Every employee is different. Some people get more things done, others work at a different pace, and so on. Everyone has his or her own quirks — it’s understanding these quirks (and knowing what buttons to push) that will help you achieve better employee engagement in the organization.

The key to this is understanding the different common personality profiles that employees can be grouped under. A Fast Company article lists four kinds of employees: obliger, questioner, rebel, and upholder. Each personality determines how these people generally get things done and accomplish their goals.


Obligers are, on the surface, basically, good workers. They fulfil deliverables on time, they can be generally counted on to do what needs to be done. But the caveat here is that they struggle to meet their own inward and private expectations, and can be resistant to changing the way they do things because of failure they experienced in the past.

According to Gretchen Rubin, a personality profile guru and resource for the Fast Company article, obligers “do well with deadlines and team supervision. Workplaces have that all over the place.” She adds that for these kind of people to truly tap into their potential, it would help for an organization to create outside accountability for obligers’ goals so they have a better chance of seeing things through. Obligers should be encouraged to privately reach out to a superior or manager to discuss their internal goals so that these can be incorporated into the official tasks the employee needs to accomplish. A sort of “buddy system” can also be set up where each person helps and checks in on the other, helping to remind and motivate each other to meet various goals.

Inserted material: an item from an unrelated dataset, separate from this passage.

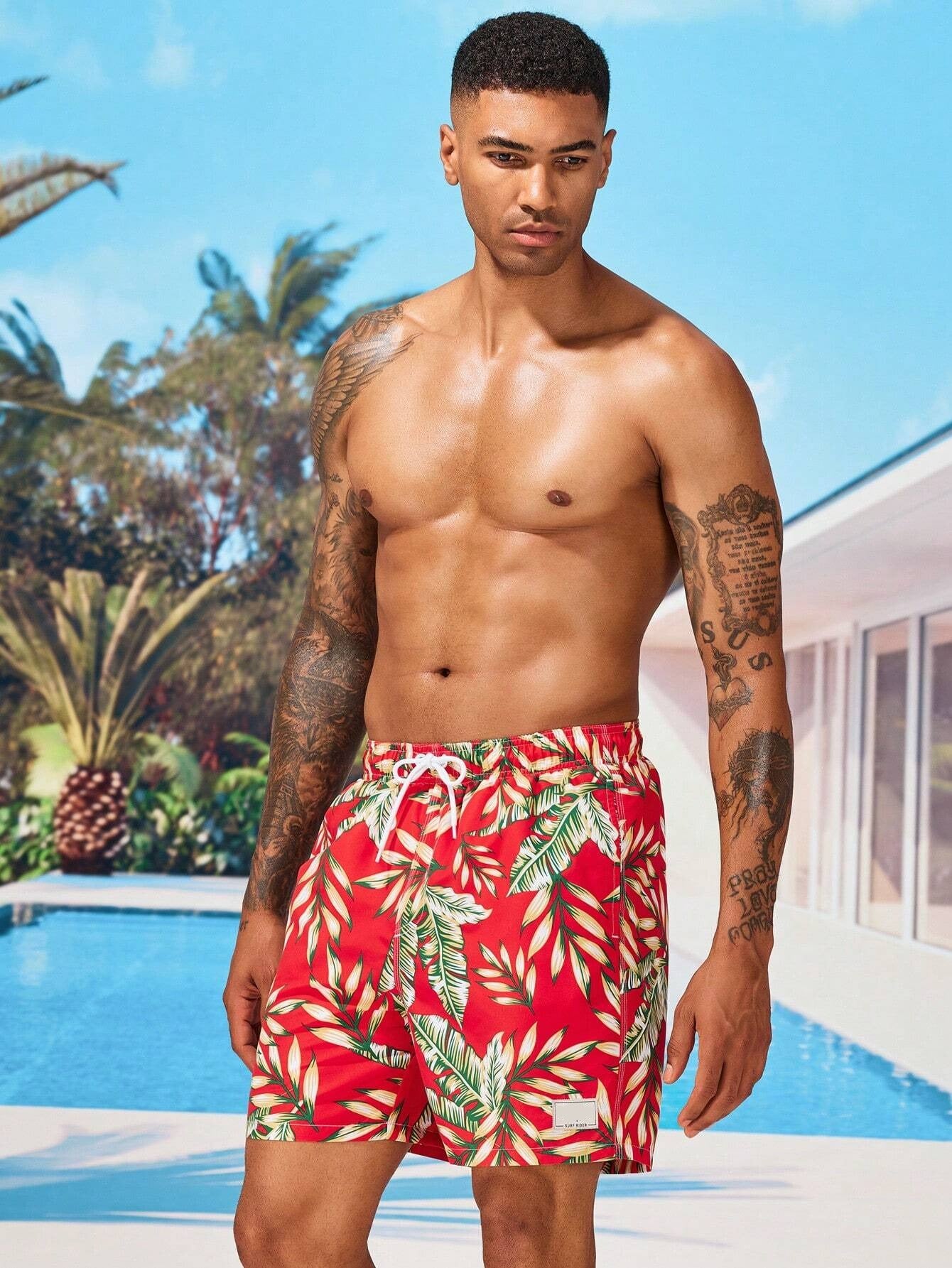 Tropical Print Drawstring Waist Swim Trunks With Pocket-Waves And Trunks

Normally, superiors balk when employees ask the reasoning behind a particular goal. Which is why many are discouraged from asking. But the thing is, the employees who asks questions like this aren’t doing so out of some sort of disrespect or rebellion, they just want to really understand why certain things are set the way they are. These people are called questioners, and they value efficiency and logic. They are driven by a need to have as much information as possible, and they need to know the reasons and rationale for something before they can make a decision comfortably.

While some questioners also need to communicate their questions in a better way, businesses should also realize that if a decision was backed by sound judgement and planning before it was disseminated, they have nothing to worry about — in fact, they can put questioners’ minds at ease and motivate them to work better because they know they’re not doing things “just because.” As an added benefit, it can also serve as a sort of check-and-balance for decision-makers to ensure that assignments, tasks, projects, and goals are well-planned and well-thought out. Appealing to questioners may also encourage a more open and transparent culture in the workplace, which can have universal benefits to employees and even customers alike. Win-win, right?


The word “rebel” generally has a negative connotation, but for our purposes, it simply means people who are generally resistant to expectations.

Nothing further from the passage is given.